§ **MATERIAL FOR THIS EXERCISE**:
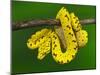 Immature Green Tree Python-Adam Jones-Mounted Photographic Print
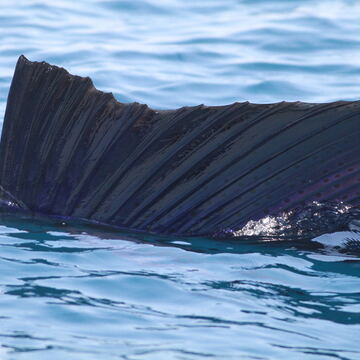 Sailfish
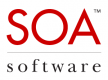 SOA Governance Training in India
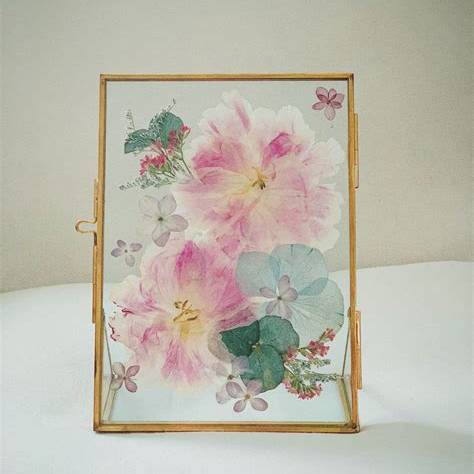 pressed pink flowers arranged on paper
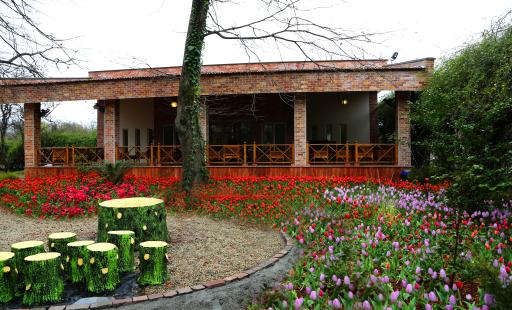 عکس چایخانه جنگلی شاه بلوط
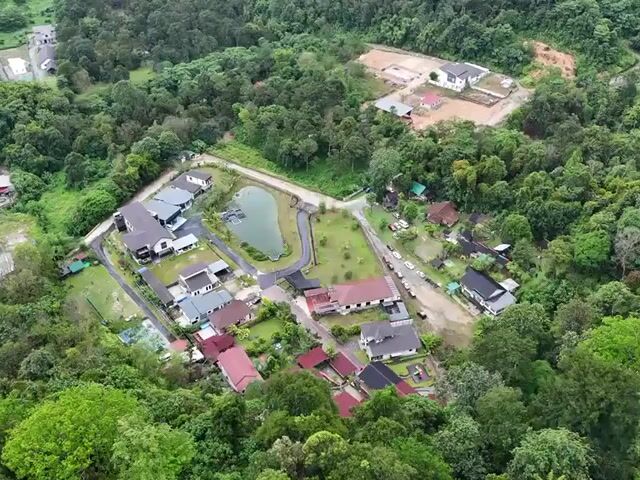 Video Image 1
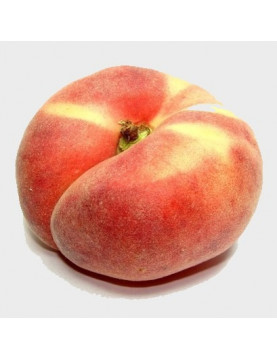 15gl Donut Peach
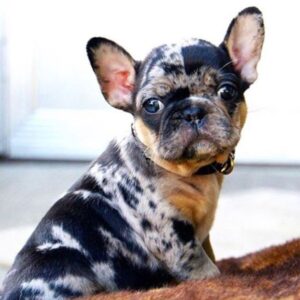 French Bulldog Puppy for Sale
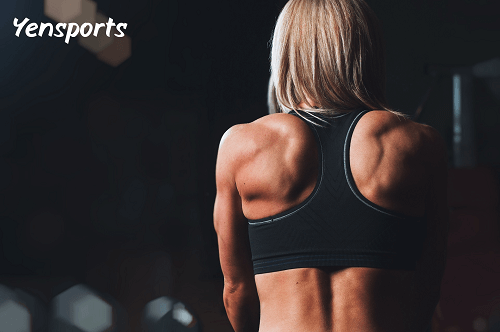 Triphasic Training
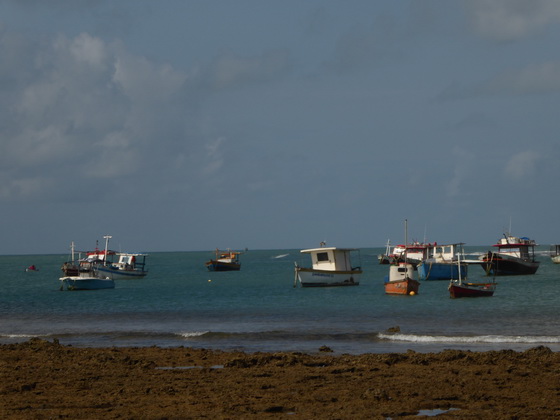tivoli eco resort bahia de salvador brazil Praia Do Forte Fisherboat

§ **TASK TO CARRY OUT**: Print exactly the lines between the line containing "Video Image 1" and the last line of the entries above, including both, and nothing besides; skip the pictures.

§ **OUTPUT FOR THIS EXERCISE**:
 Video Image 1
 15gl Donut Peach
 French Bulldog Puppy for Sale
 Triphasic Training
tivoli eco resort bahia de salvador brazil Praia Do Forte Fisherboat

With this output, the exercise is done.